Of the four seasons, the summer portion of my rotating roombox started out with the least obvious theme. Spring has flowers, fall has leaves, and winter has snow… what about summer? I gave the grass dead patches, but besides that there isn’t anything obvious about the base scene that really differentiates it from spring.

I’ve been hoarding a dandelion kit from SDK Miniatures for a while. I thought I could add one to the grass to suggest (along with the brown spots) that the lawn isn’t being cared for… it’s so hot that the people who live here have let the yard go.

The picture on the front of the kit only shows yellow dandelions, but when I opened it I was pleasantly surprised to also find supplies for the white, “make a wish” balls dandelions turn into. This gave me the idea to use the dandelions to show the passage of time, with yellow ones in the spring and white ones in the summer.

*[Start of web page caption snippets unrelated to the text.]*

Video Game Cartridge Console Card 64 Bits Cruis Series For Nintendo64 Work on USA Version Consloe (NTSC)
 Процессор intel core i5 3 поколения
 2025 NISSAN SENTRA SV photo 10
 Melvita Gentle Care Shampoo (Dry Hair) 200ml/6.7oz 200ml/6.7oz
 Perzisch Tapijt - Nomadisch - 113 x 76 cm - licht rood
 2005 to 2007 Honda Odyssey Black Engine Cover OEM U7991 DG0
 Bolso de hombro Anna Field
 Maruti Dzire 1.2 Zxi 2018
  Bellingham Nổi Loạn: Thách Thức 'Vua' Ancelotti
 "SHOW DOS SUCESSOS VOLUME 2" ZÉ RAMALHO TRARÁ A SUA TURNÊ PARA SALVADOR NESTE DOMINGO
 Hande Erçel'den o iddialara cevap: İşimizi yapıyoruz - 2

Here they are assembled. I had a horrible time with the leaves. The same thing happened with the plants in the spring planters, I just can’t get them to stick to anything. They fall over and get stuck to my toothpick and don’t turn out anything like the leaves in the picture.

Luckily these are going to be tucked out of the way next to the door, so the messy leaves aren’t too obvious. I glued down each plant (the base is made from air dry clay) and then added crumb grass around the edges to blend in with the Noch grass.